The Effect of Basal Bolus Insulin vs. Sliding Scale Insulin on Glycemic Control in Type 2 Diabetes Mellitus
The Effect of Basal Bolus Insulin vs. Sliding Scale Insulin on Glycemic Control in Type 2 Diabetes Mellitus At A Community Hospital
Author:Meriam Signo, DNP(c),MSN,PHN,RN NEA-BC,NE-BC
Project Goal: To assess the frequency of glycemic control, following the implementation of Basal Bolus Insulin (BBI) as compared to Sliding Scale Insulin (SSI) for hospitalized patients with Type 2 diabetes (T2DM)
Background: Diabetes is a life-threatening disease with chronic long-term complications: 30 million people. 95% are diagnosed with type 2 diabetes.

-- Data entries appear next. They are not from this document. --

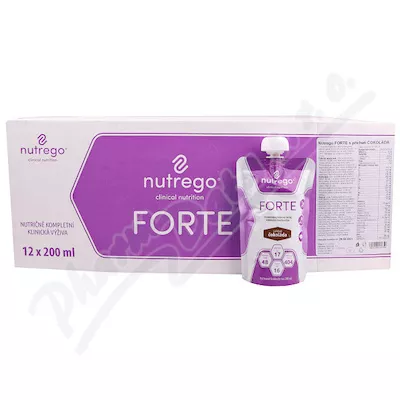 nutrego FORTE chocolate por.sol.12x200ml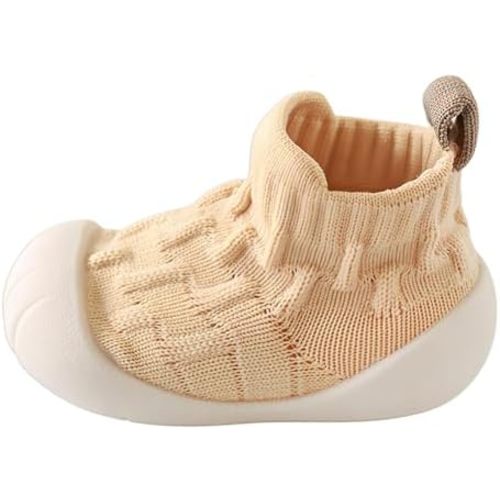 Exegawe Baby First Walking Shoes - Toddler Non-Slip Slippers, Baby Sock Shoes Sneakers, Anti-Collision Toe for 6-24 Months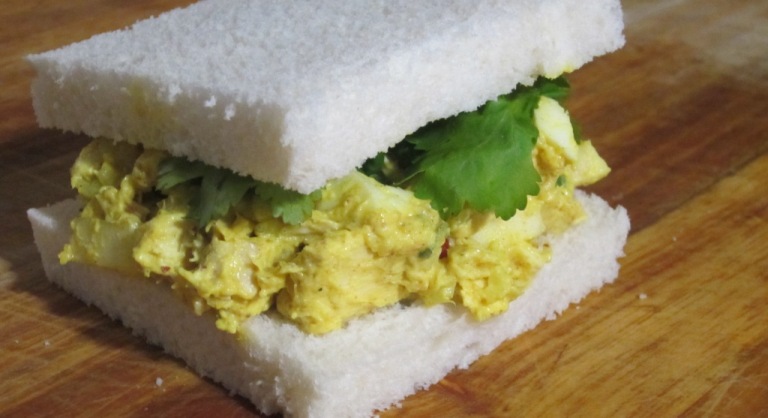 curried chicken sandwich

It is the 7th leading cause of death in the U.S. with an estimated cost of $245 billion (CDC, 2017). In 2016 the American Diabetes Association(ADA) stated that BBI is the preferred regimen. In 2017, EL Camino Hospital implemented basal-bolus insulin while continuing to use sliding scale insulin in the medical-surgical units. In 2016, prior to implementation, education was provided to direct care nurses on diabetes and basal bolus care management in the acute care setting.
Methodology: This was a retrospective, descriptive, study looking at a closed quantitative chart review of T2DM patients (BBI vs. SSI) May 2017 to May 2018 from medical-surgical units on both our campuses. The measures included average blood glucose levels and calculated HbA1c for two groups (BBI vs. SSI).
Participants age and length of stay was also evaluated. Data was analyzed using Statistical Package for the Social Sciences (descriptive statistics, Chi-Square test of association, Independent sample t tests). Level of statistical significance: p ≤ .05. Independent variable: BBI or SSI [patients were assigned to one treatment group] Dependent variable: random blood glucose levels at Point-of-Care Testing.
- A significant difference was found between the average BG for hospitalized patients with T2DM in the BBI group (M=201.12, SD =61.82) vs. the SSI group (M=175.09, SD =40.56); t(86)=2.46, p=.01
- A significant difference was found between calculated mean HbA1c for hospitalized patients with T2DM in the BBI group (M=8.76, SD=2.10) vs. the SSI group (M=7.72, SD=1.41); t(86)=2.76, p=.007
- The difference in the average age of 1.45 years between the SSI and BBI group was not statistically significant; t(88) = 0.043, p =.66
- The difference of 2.10 days in the average stay between the SSI and the BBI group was not statistically significant; t(88)=1.01, p=.31
Conclusions: When using SSI both the average blood glucose and the calculated HgbA1c was lower during the subjects stay in the hospital.
A BBI regimen remains the recommended practice by the ADA. This was a small study of 90 patients after the initial roll out of a new practice change.
Additional research with larger samples in different regions may be beneficial for future studies. Conducting studies at one to two years post implementation could determine if BBI leads to better glycemic control or SSI continues to have better glycemic control. Additional time may also add to nurses’ levels of comfort and familiarity with BBI and acceptance and understanding of this practice change and workflow. Providing education to nursing through simulation or a similar type of structured setting, such as developing a curriculum for new hires and conducting annual reviews could be explored.